#### Task requirements:
Working from the records below, repeat exactly the lines starting at the line that contains "aby Girls Pageant" and ending at the line that contains "Dinosaur Planet Sand", inclusive.

#### Dataset extract:

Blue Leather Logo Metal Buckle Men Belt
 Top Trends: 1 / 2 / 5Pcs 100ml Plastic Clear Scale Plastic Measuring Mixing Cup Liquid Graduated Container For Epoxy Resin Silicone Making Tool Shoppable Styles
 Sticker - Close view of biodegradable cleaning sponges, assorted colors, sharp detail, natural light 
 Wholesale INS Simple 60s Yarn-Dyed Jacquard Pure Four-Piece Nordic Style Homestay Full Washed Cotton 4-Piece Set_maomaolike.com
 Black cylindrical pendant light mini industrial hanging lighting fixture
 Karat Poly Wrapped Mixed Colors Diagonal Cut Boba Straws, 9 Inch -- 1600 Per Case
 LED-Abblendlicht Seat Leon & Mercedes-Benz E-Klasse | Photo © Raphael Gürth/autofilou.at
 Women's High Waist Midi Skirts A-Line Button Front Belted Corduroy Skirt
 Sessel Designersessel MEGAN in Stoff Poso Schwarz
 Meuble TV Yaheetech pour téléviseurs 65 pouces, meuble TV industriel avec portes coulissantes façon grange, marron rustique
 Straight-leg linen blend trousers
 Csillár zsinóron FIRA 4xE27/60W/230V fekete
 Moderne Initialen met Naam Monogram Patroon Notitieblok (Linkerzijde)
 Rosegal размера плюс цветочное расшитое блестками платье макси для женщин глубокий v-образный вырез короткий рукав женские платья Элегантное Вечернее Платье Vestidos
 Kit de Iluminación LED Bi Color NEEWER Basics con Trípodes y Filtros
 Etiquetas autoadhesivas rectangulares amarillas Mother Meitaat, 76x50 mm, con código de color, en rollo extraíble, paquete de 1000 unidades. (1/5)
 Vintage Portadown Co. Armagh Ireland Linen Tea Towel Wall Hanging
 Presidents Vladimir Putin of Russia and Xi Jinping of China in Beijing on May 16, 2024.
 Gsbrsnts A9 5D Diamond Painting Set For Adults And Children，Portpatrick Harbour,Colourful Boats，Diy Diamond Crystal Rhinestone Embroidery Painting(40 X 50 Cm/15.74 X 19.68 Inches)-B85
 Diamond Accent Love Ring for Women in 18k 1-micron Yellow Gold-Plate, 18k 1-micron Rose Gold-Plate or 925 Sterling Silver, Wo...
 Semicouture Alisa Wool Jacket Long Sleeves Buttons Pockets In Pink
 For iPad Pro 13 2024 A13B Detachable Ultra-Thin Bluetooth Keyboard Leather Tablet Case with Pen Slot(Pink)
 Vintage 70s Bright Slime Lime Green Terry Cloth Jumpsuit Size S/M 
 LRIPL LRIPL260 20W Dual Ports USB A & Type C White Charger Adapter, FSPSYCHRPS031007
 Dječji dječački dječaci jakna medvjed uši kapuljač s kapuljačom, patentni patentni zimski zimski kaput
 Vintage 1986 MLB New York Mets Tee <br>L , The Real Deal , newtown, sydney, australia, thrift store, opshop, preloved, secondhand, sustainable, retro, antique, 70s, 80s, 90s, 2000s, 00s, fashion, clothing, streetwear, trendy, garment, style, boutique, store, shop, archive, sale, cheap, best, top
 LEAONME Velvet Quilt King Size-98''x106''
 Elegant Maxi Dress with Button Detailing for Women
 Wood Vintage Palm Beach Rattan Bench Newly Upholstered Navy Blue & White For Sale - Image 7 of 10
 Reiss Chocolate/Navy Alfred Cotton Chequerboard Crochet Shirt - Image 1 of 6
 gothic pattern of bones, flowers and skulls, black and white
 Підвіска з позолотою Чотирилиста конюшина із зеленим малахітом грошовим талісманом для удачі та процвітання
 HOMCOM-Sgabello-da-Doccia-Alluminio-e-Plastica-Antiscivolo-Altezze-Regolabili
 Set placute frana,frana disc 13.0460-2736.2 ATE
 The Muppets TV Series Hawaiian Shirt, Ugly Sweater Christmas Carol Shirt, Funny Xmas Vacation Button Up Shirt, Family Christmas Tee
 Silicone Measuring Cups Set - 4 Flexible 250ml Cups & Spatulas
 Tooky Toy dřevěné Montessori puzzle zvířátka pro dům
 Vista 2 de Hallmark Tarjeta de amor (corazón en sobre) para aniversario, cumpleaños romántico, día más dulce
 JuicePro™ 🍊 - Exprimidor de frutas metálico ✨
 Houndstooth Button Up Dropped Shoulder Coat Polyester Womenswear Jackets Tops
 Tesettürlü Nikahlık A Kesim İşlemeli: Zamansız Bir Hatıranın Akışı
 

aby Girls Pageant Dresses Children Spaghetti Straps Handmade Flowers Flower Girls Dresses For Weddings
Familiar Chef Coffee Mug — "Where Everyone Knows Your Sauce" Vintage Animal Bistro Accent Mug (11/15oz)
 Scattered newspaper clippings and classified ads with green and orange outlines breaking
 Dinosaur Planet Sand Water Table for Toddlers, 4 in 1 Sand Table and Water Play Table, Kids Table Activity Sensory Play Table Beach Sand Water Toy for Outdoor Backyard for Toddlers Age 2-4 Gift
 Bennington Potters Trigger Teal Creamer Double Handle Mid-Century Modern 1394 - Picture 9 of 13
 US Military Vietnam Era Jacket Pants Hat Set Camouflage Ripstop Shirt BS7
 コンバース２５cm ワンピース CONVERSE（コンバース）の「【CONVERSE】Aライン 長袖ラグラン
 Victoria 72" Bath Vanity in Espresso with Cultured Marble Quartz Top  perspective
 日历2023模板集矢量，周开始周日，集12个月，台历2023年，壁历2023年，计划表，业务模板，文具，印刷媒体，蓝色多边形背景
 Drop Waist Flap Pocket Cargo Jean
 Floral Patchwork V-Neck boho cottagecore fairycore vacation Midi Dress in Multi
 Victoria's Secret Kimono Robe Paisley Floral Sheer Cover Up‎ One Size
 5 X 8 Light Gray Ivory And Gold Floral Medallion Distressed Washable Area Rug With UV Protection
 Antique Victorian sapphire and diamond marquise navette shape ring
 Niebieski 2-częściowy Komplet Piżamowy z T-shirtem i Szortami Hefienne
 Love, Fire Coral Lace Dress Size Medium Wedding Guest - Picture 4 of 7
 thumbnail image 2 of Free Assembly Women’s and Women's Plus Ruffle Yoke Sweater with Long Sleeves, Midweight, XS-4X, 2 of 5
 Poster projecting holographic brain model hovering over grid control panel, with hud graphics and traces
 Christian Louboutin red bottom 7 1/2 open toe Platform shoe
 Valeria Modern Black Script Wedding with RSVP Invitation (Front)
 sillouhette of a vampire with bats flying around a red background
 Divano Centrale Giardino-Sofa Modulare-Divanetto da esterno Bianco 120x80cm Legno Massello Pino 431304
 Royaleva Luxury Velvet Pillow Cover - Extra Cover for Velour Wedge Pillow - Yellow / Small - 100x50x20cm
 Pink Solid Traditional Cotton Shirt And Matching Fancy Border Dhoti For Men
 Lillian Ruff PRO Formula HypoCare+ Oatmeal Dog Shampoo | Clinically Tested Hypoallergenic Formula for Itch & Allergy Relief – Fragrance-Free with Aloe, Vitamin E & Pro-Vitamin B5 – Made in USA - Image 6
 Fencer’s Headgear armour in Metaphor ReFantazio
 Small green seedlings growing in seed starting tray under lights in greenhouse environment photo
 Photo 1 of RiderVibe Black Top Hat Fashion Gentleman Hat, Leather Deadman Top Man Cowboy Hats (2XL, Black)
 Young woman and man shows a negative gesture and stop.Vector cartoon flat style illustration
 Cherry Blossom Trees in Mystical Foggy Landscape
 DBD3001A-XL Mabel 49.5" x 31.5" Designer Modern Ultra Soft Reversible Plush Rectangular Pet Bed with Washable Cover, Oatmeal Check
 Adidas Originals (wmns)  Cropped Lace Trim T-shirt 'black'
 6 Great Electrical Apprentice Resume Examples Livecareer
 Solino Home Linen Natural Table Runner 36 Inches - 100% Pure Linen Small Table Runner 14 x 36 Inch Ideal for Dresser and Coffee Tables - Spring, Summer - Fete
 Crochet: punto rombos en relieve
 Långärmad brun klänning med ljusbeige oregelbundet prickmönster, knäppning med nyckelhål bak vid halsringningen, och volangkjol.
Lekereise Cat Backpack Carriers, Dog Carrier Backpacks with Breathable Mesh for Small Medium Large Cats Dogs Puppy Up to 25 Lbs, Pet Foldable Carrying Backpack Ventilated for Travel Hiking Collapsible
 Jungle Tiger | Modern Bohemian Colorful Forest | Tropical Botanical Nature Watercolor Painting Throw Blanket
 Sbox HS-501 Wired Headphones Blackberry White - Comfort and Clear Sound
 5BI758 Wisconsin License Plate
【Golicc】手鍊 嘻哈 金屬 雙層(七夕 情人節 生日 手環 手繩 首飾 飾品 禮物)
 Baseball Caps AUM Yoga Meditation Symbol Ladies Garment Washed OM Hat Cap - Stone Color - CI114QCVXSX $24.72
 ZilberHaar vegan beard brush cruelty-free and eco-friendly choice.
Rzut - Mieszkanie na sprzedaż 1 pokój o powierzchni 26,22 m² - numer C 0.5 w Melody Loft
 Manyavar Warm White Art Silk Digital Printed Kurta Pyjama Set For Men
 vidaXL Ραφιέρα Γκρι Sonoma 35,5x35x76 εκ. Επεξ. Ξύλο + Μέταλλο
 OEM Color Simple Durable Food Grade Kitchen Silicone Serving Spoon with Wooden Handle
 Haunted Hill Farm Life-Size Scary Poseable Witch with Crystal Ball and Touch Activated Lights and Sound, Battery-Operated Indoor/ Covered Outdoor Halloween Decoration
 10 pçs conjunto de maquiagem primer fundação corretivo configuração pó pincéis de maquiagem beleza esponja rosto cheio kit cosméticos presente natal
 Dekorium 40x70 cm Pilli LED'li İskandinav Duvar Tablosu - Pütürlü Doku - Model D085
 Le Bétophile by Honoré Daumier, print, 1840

#### Response below:
aby Girls Pageant Dresses Children Spaghetti Straps Handmade Flowers Flower Girls Dresses For Weddings
Familiar Chef Coffee Mug — "Where Everyone Knows Your Sauce" Vintage Animal Bistro Accent Mug (11/15oz)
 Scattered newspaper clippings and classified ads with green and orange outlines breaking
 Dinosaur Planet Sand Water Table for Toddlers, 4 in 1 Sand Table and Water Play Table, Kids Table Activity Sensory Play Table Beach Sand Water Toy for Outdoor Backyard for Toddlers Age 2-4 Gift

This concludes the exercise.